ANALYSIS

A long way to go

It’s all very well to have diversity, but most people lack the tools for how to get the best out of a diverse team.

Instead the reverse is true and diversity can lead to an unlevel playing field, says Laura Liswood, secretary general of the Council of Women World Leaders, former senior advisor to Goldman Sachs and author of “The Loudest Duck”.

“We all bring ourselves, our unconscious selves to the workplace – this includes our perceptions, archetypes and biases. In the process of that, diversity has the potential to unlevel the playing field, certain people are advanced, and there is the potential to over or under-hear people,” Liswood says.

“One of the problems in diversity is people think it’s like Noah’s ark, you just get two of everything on the ark and it will all be fine. But the giraffe looks at the zebra and sees something so different. If you think like that you won’t get what you want from diversity.”

At the Thinking Ahead Institute cognitive diversity topical day, Liswood challenged the audience to think about a meeting when the way people are heard is equal. People either get under or over-heard, she says.

“We have got to Noah’s ark, we have diversity, but we haven’t taught people how to deal with it. We don’t have the tools to deal with heterogeneity.”

Liswood, who was previously managing director of global leadership and diversity at Goldman Sachs, gave some examples of how diversity can unlevel the playing field.

“You can have all the nationalities you want, but what does everyone actually think about each other? You go to Japan and what do they think about China or Korea, you go to England and what do they think about the French? What does an older generation really think about a younger generation – that they’re lazy, they don’t know anything, they need constant feedback. You get diversity but we don’t know how to deal with it.

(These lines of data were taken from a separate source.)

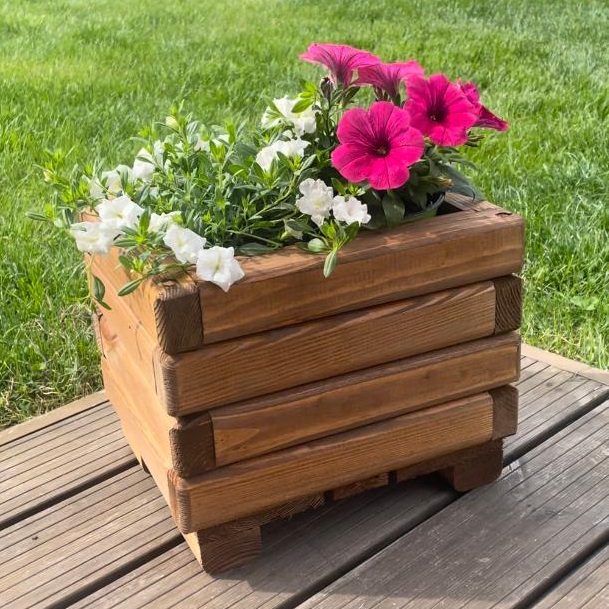 Dřevěný zahradní květináč AKSAMIT, teak, 300x250x250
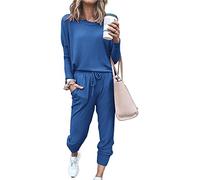 Paintcolors Women's Printed Two Piece Outfit Long Sleeve Crewneck Pullover Tops And Long Pants Sweatsuits Tracksuits, Denim Blue-solid, XL
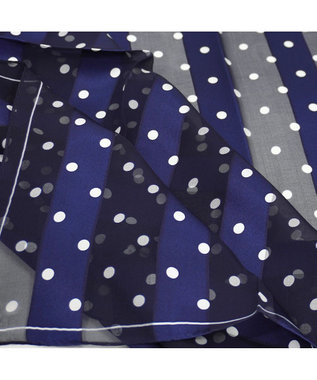 Marca 【Marcaオリジナル】サテンストライプドット 小判 サテンストライプ スカーフ ネイビー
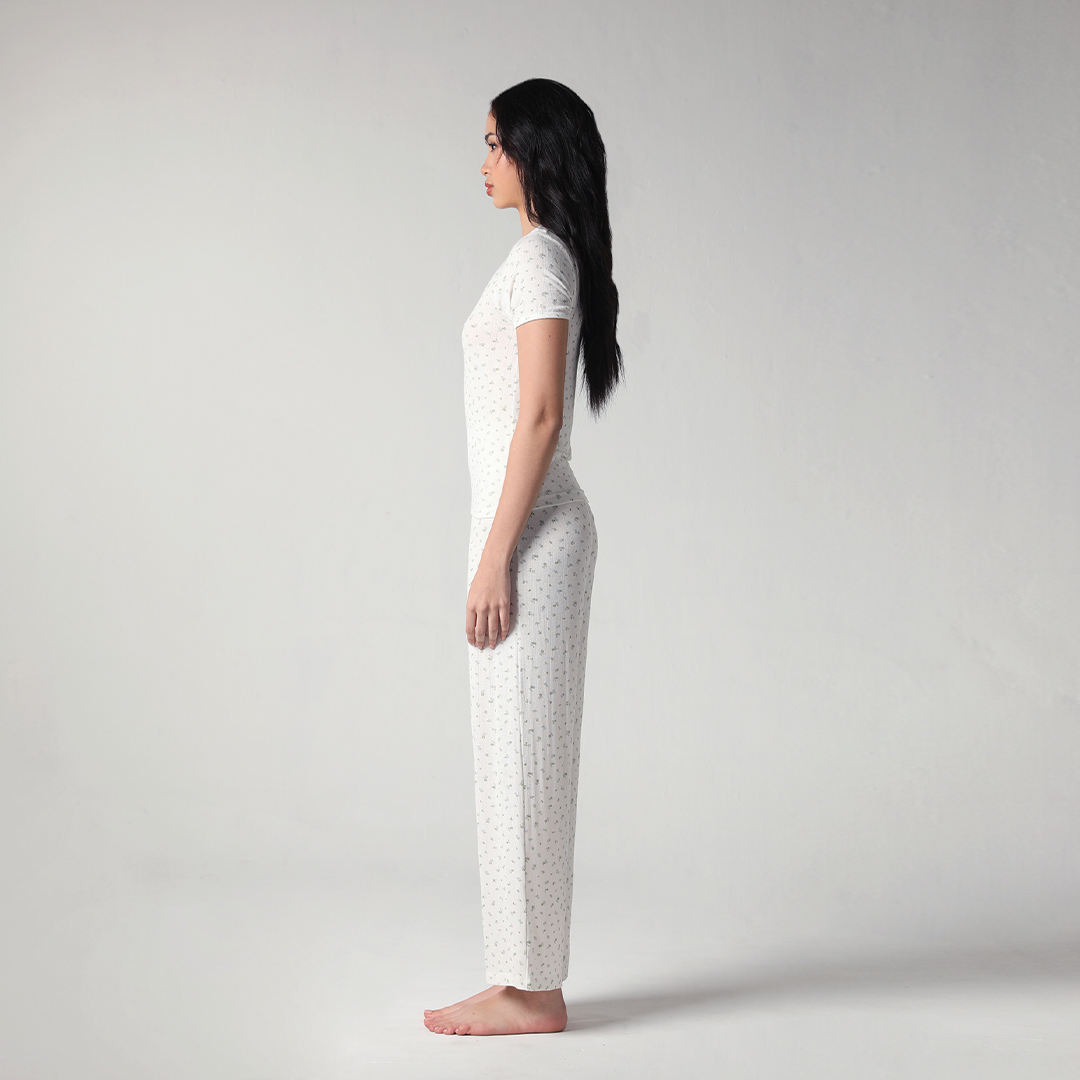 SALIE X Elxi Elvina - Bamboo Pointelle Long Pyjamas Set in Bluebell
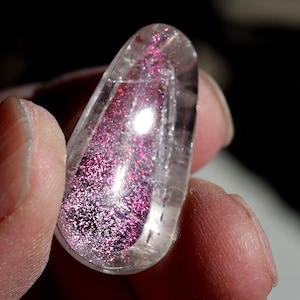 Pink Fire, Covellite included teardrop facet quartz crystal. Brazil. 39.05 carats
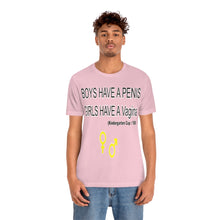 Load image into Gallery viewer, Adult T-shirt , Boys have a penis, Girls have Vagina,  Unisex Jersey Short Sleeve Tee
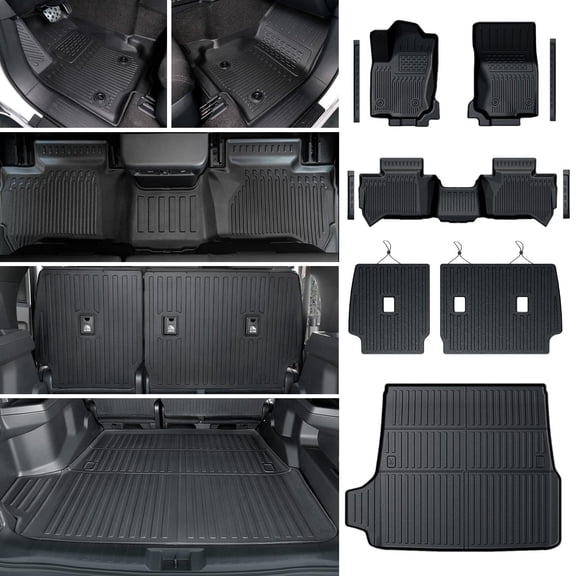 All-Weather TPE Floor Mats Set fits 2025 Toyota 4Runner Fuel 5-Seater, 6 PCS Full Coverage Cargo Liners & 4 PCS Door Sill Guards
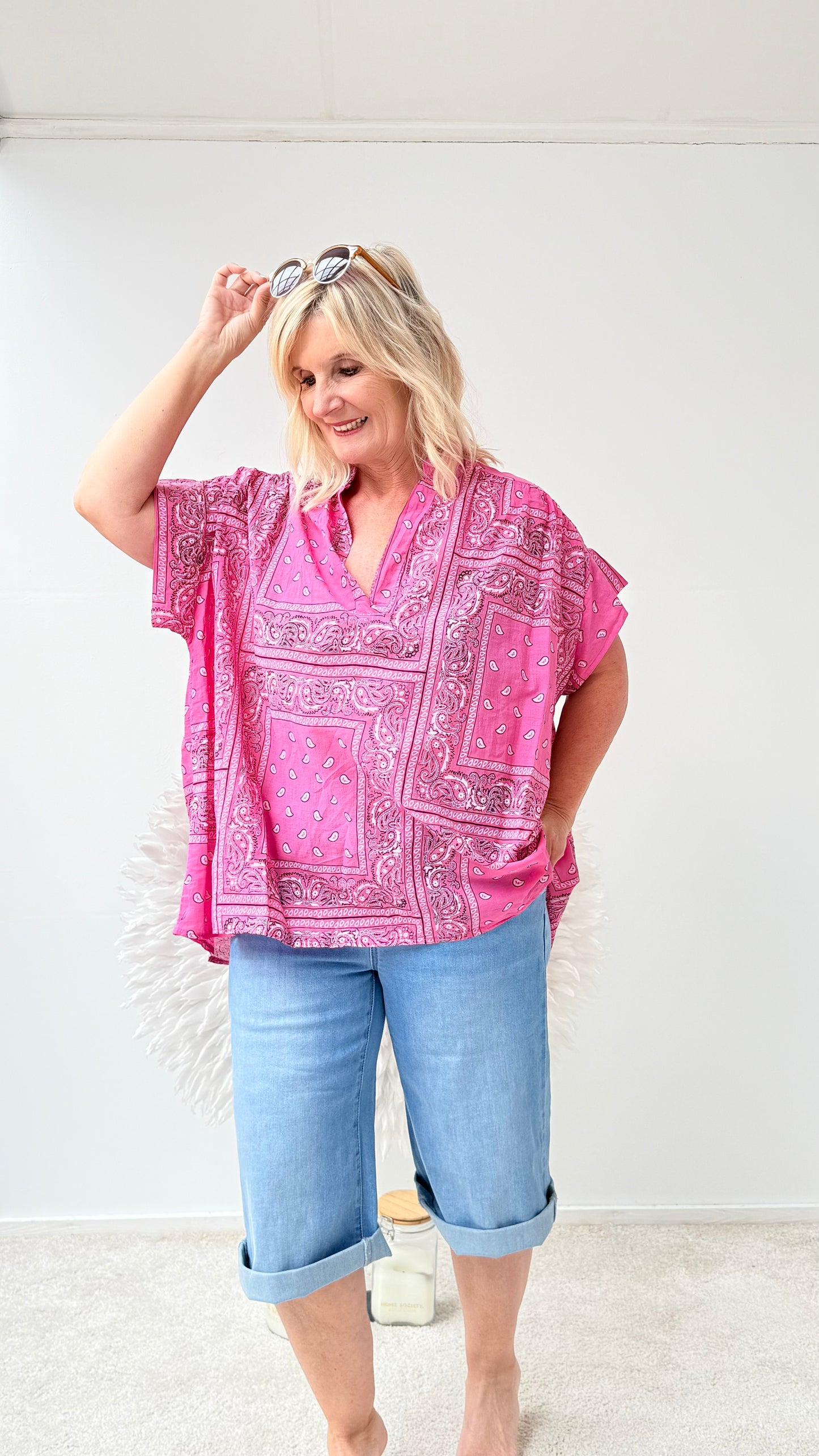 BLUSE IM PAISLEY PRINT "PINK"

“With regard to diversity in thinking it’s not whether you’re an extrovert or an introvert that is the issue, it’s not how you think about things, it’s how you react to people who are not like you.”

So, she says, diversity can unsettle the workplace.

“It’s about like and like. If I went to Oxford I’m more likely to look out for my new hire who also went to Oxford.”

In some ways it is up to managers to be aware of these differences, and of their own behaviours, and manage for that. While bonding is a really important part of creating a team culture, a manager is more likely to promote or give bonuses to those who they’ve bonded with. If bonding activities, for example drinking alcohol, can exclude certain people, then managers should bond in other ways so that when it comes to making decisions, it’s equal.

“That type of bonding is giving unlevel managerial access, and in a hierarchy, that has consequences,” she says.

“There is a bias to those you’ve bonded with. That doesn’t make you a bad manager, it makes you a human manager.”

Liswood also pointed out, though, that while the manager has 50 per cent responsibility to build on the relationship with employees, the individual also has a 50 per cent responsibility to further their own career, and can for example ask their manager out for a coffee.

“The point is, we all live in different worlds, and senior executives need to work out the worlds that people are living in within their organisations.”

Another example that Liswood gave was that of race. She says that research has shown people with a non-Anglo Saxon name need to send out 50 per cent more resumes to get a job.

“We all live in different worlds. A cab goes past me in NYC; an African American experiences that five times more than me. It’s a possibility for me but it’s a frequency for him. You can’t say we have the same experience,” she says.

So it’s not diversity on its own that will create a better workplace, but how people react to others that are not their archetype.

Managers need to use certain tools, like being a traffic cop and making people take turns in meetings, and if they don’t then diversity will disadvantage certain people.

“In a diverse organisation you have got to tell people they have a responsibility to get out of their comfort zone and speak up,” she says.

“If you let the conversation flow naturally the loudest person – i.e. the American – will speak the most. You need to know your people and manage them, be a traffic cop.”

Liswood advises the best tool a manager can have in their toolbox is to provide every employee with critical feedback.

“The performance difference between those that have received critical feedback and those that haven’t is massive. Managers find it easier to give critical feedback to those that are like them. It is hard to give it to those unlike them as it is unknown how they will take it,” she says. “A tool I highly recommend is three up and three down every three months. Tell employees three things they’re doing well, and three things they need to work on, and do it for everyone every three months. All critical feedback beyond the three months doesn’t change behaviour.”

Liswood says there needs to be more tools in the tool box to deal with the cognitive diversity that organisations aim to get to.

There are some circumstances where it is better to have homogeneity in a team, but Liswood says there are three requirements necessary for that to be the case: The problems are simple; communication is easy e.g. turn the screw; the environment doesn’t change e.g. if all you need to do is dig 50 holes, then just get 50 hole diggers.